Image Simulation and Acquisition

Each patient underwent contrast-enhanced CT using a 16-slice CT scanner (Philips Brilliance Bores CT, Cleveland, OH, USA), with a 3-mm slice thickness during free breathing. All patients were scanned in the supine position, followed by laser alignment. The 18F-FDG PET–CT examinations were performed within 2 weeks before the initiation of RT (PETpre) and after 15 fractions (median 27 Gy, 1.8 Gy per fraction) of RT (PETdur). Following CT, PETpre was performed from the proximal thigh to the base of the skull in 3D acquisition mode with 2–5 min per bed position, while PETdur was acquired from the skull base to the diaphragm. PET images were reconstructed using iterative 3D reconstruction.

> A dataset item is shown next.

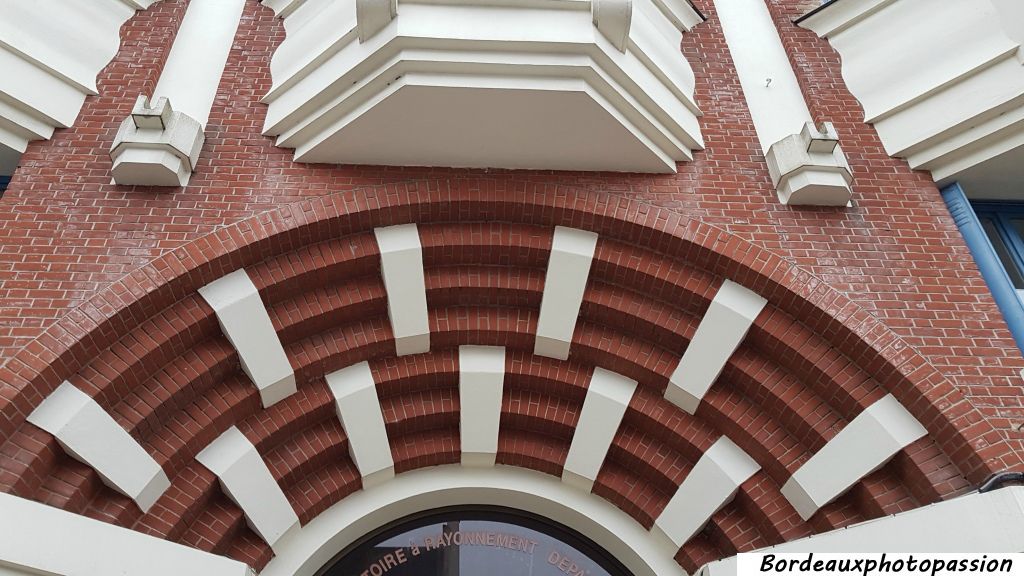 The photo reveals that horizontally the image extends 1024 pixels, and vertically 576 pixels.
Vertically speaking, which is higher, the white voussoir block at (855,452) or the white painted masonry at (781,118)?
the white painted masonry at (781,118)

Patients underwent MRI scanning with anatomical (T2-weighted) and functional (diffusion-weighted) MRI sequences at the same two time points as that for 18F-FDG PET-CT. MRI examinations were performed on a 3.0-T scanner equipped with a 32-tunnel body phased-array coil (Discovery MR 750, GE Medical Systems, Milwaukee, WI, USA). Patients were scanned in the supine position, with arms parallel to the body for both pre- and mid-RT scanning. Transverse DW images were obtained under free breathing conditions with the following scan parameters: repetition time (TR) 13,333 ms, echo time (TE) 64 ms, acquisition matrix 128 × 128 mm, field of view (FOV) 500 × 500 mm, slice thickness = 3.6 mm, and NEX 5. A diffusion-sensitive gradient b-value of 600 s/mm2 was applied for DWI. T2W-MRI adopts fast spin echo to scan cross and axial sections, with the following specific parameters: TR 12,000 ms, TE 84 ms, thickness and spacing 3 mm, FOV 500 × 500 mm, acquisition matrix 384 × 384, and NEX 1.8. Additionally, conventional T2W-MR images were obtained using pulse and respiratory gating techniques to trigger scanning exclusively during the end of expiration (18).

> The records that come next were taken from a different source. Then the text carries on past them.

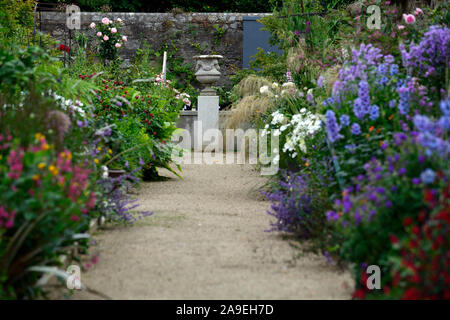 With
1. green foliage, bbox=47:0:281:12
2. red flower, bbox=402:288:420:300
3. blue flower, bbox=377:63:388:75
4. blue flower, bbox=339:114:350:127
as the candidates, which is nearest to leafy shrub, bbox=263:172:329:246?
blue flower, bbox=339:114:350:127

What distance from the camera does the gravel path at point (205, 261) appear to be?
2.95 m

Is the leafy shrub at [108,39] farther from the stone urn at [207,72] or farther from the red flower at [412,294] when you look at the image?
the red flower at [412,294]

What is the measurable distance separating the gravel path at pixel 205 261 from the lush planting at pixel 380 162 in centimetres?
20

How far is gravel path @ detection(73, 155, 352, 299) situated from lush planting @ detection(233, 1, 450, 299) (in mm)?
200

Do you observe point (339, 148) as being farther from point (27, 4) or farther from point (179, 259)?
point (27, 4)

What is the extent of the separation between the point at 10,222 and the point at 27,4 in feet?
25.4

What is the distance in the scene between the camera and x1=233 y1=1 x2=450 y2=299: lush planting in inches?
90.6

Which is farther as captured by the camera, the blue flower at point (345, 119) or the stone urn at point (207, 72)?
the stone urn at point (207, 72)

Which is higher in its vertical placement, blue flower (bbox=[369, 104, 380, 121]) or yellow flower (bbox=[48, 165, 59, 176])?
blue flower (bbox=[369, 104, 380, 121])

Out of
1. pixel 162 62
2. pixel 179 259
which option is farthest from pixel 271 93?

Image Registration and Target Delineation

The 18F-FDG PET-CT and MR images were registered to the planning CT using deformable image registration (DIR) in the software MIM Vista® (MIM Software Inc., version 6.8.3, Cleveland, OH, USA). The main role of DIR is to define spatial correspondence between two considered image sets. To ensure the accuracy and repeatability of the delineation of target volumes, all structures were delineated by the same experienced radiation oncologist according to the consensus guidelines. GTVs were manually contoured on the first and second planning CT images, referred to as GTVCTpre and GTVCTdur, with a mediastinal window (window width = 400 HU, window level = 40 HU) setting and by the following standards: the GTVs were defined as any enlargement of the esophagus over its standard dimensions, 5 mm for wall thickness and 10 mm for wall diameter. On the basis of the reconstructed 18F-FDG PET-CT image, given that no single absolute and relative methods of PET-based target volume delineation were validated, a gradient-based segmentation algorithm (PETEdge) was applied, which identified tumors on the basis of changes in intensity/activity concentration at the tumor borders (19). The GTVs based on the first and second PET-CT images were determined using thresholds of PETEdge and defined as GTVPETpre and GTVPETdur, respectively. All noncancerous regions within the GTVPET, including areas overlaid by the heart, bone, and great vessels, were corrected to be excluded manually with the help of the CT component of PET-CT. Similarly, GTVDWIpre and GTVDWIdur were delineated on the first and second DWI and corresponding T2-weighted MRI-fused images.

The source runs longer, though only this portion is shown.